Losing with pocket aces is a thing of the past at a Western Canada senior citizen center where a long running, low-stakes poker game has been halted by local authorities.
The group of about 40 seniors, ranging in age from 55 to 95, had their afternoon card games shut down because they were playing for cash.
Officials at the center, which is operated jointly by the City of Richmond and the Minoru Seniors Society, told the group members they could no longer play as long as money was involved because it violates British Columbia gambling regulations.
The CBC reports that the low rolling seniors’, playing for a dime a chip, were crushed when they learned that their game, in operation for ten years, had to end.

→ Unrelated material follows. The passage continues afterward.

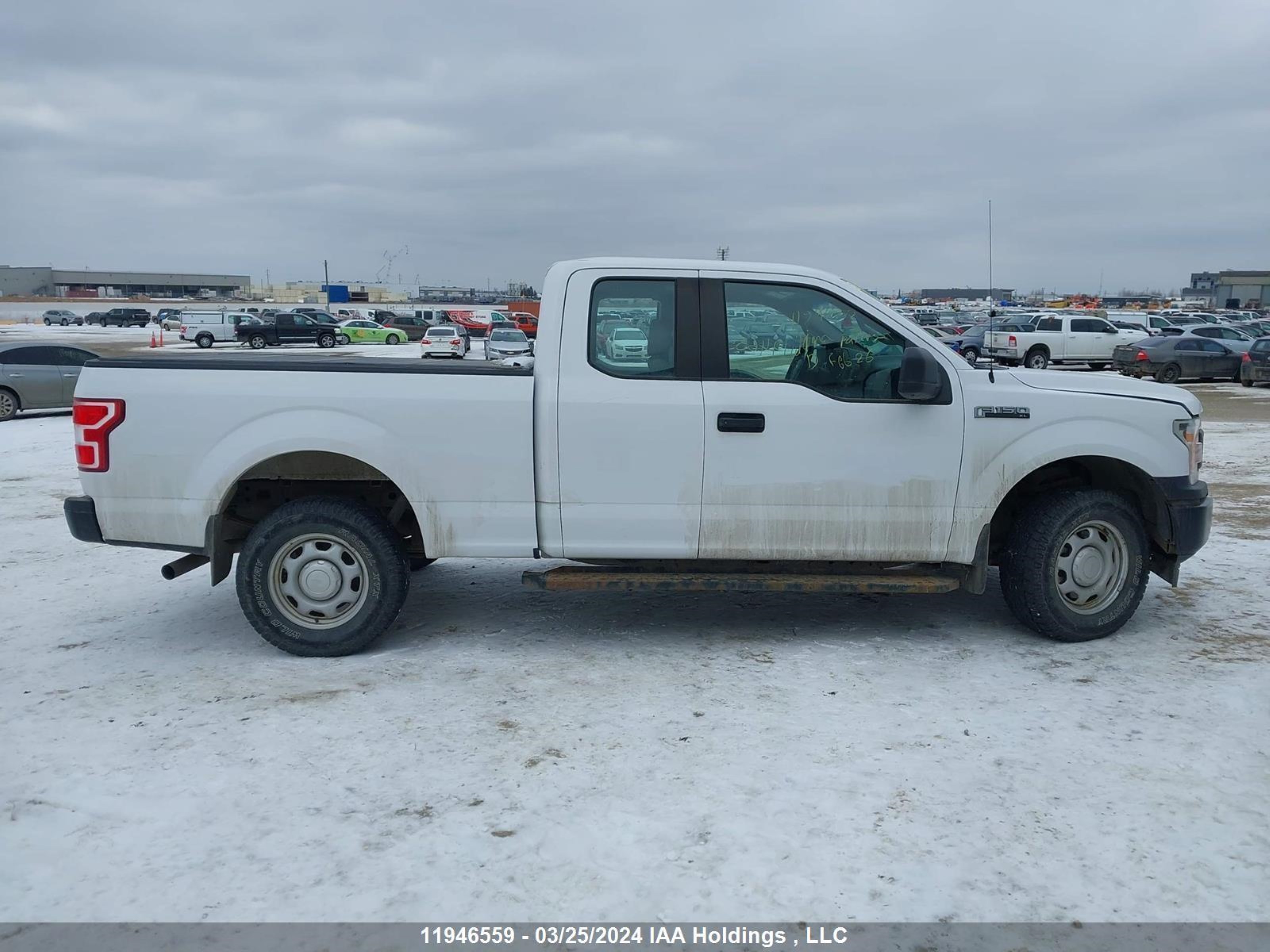 Photo 16 VIN: 1FTFX1E55JKF09460 - FORD F-150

"If anybody is playing poker, it's more fun if you play for a little bit of money and it makes it more interesting," player Marilyn Berger said.
"We're not playing for large amounts of money, it's not about gambling, we're playing for fun," she added.
Ted Townsend, director of communications for the City of Richmond, near Vancouver, said the card games violate provincial gambling regulations. Card games that involve the exchange of money are considered gaming activities and are therefore unlawful.
Townsend said he doesn't want to discourage the seniors' group from meeting, however, he added there's little the city can do.
"The provincial gaming authorities made it quite clear that that type of activity is illegal, it's not the type of activity that we could get a license for… We're a public body, we have to do the responsible thing," he said.
It was also noted that “house rules” at the senior center do not permit card games that involve money.
Card player Serena Lambert told the CBC, the games were a chance for seniors to socialize and now "It's no fun at all, you might as well just stay home and play solitaire."